- Directed by: Michael Garcia
- Written by: Trace Slobotkin
- Produced by: Jonny Danks
- Starring: Eric Nelsen; Eric Roberts; Mackenzie Ziegler; Ella Cannon; Jonny Danks; Moses Jones; Kelly Thiebaud;
- Cinematography: Matthew Boyd
- Music by: Bernie Garcia
- Production companies: Gravitas Ventures; Dank Productions;
- Release date: May 23, 2025;
- Running time: 82 minutes
- Country: United States
- Language: English

= Shakey Grounds =

Shakey Grounds is a 2025 drama film directed by Michael Garcia and written by Trace Slobotkin. It stars Eric Nelsen as a gifted yet troubled musician who grapples with his past and fractured relationships. Jonny Danks Eric Roberts, Mackenzie Ziegler, Moses Jones, and Kelly Thiebaud also star.
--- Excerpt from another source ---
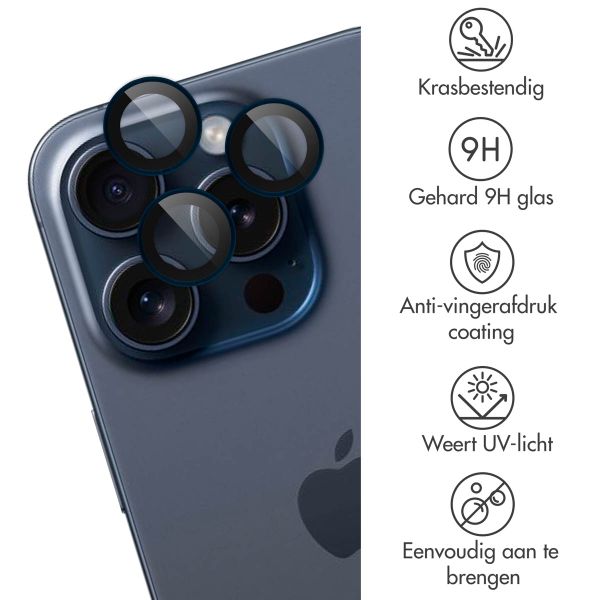 imoshion 2 Pack Camera lens protector Apple iPhone 15 Pro / 15 Pro Max - Blue Titanium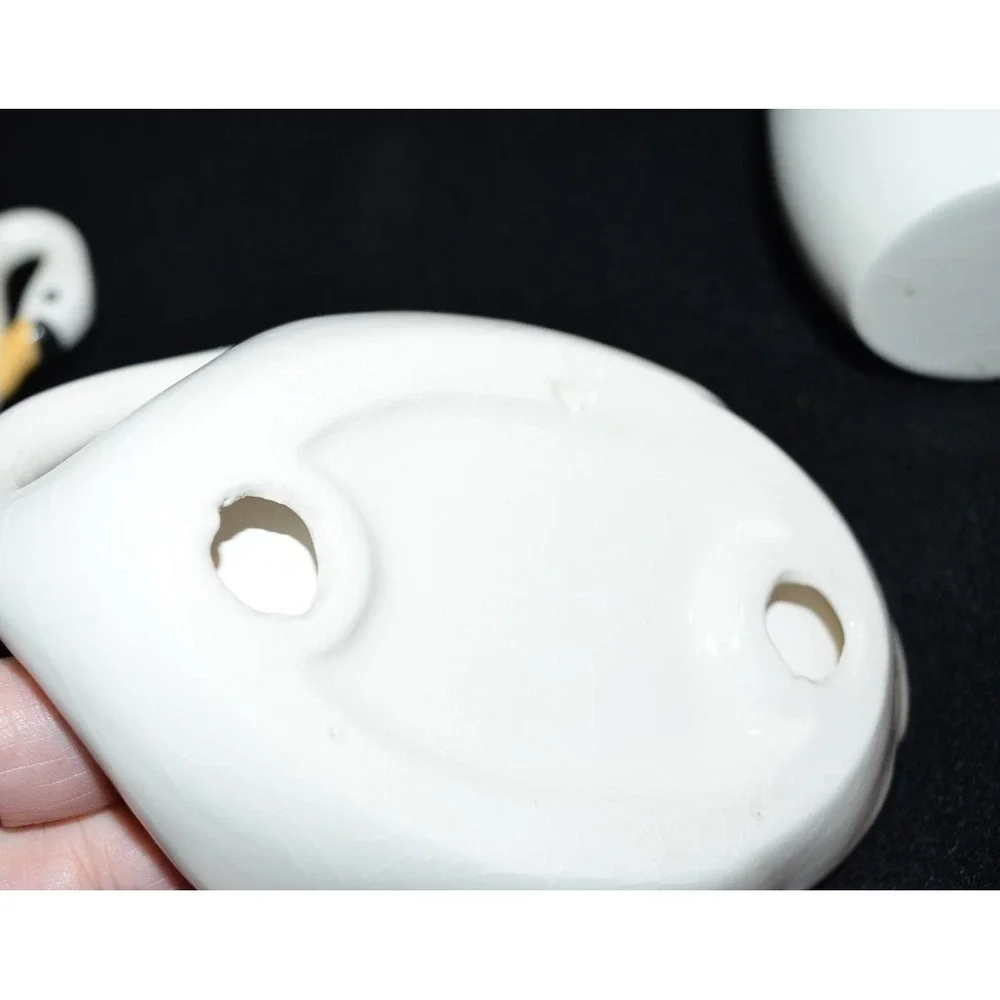 Vtg MCM Art Nouveau White Porcelain Swan Vanity Set Soap Dish Toothbrush Cup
It was released on May 23, 2025.

==Premise==
Aspiring musician Travis (Nelsen) copes with the death of his best friend and finds purpose when a disgraced record label executive Nick (Danks) unexpectedly visits his hometown.

==Cast==
- Eric Nelsen as Travis Dent
- Eric Roberts as Lou Bernstein
- Mackenzie Ziegler as Lisa
- Ella Cannon as Mel Butler
- Jonny Danks as Nick
- Moses Jones as Jimmy
- Kelly Thiebaud as Carrie
- Matthew Gumley as Darby
- David Lautman as Brad

==Production==
Shakey Grounds was filmed in Rogers, Bentonville, Fayetteville, and Prairie Grove Arkansas in 2023.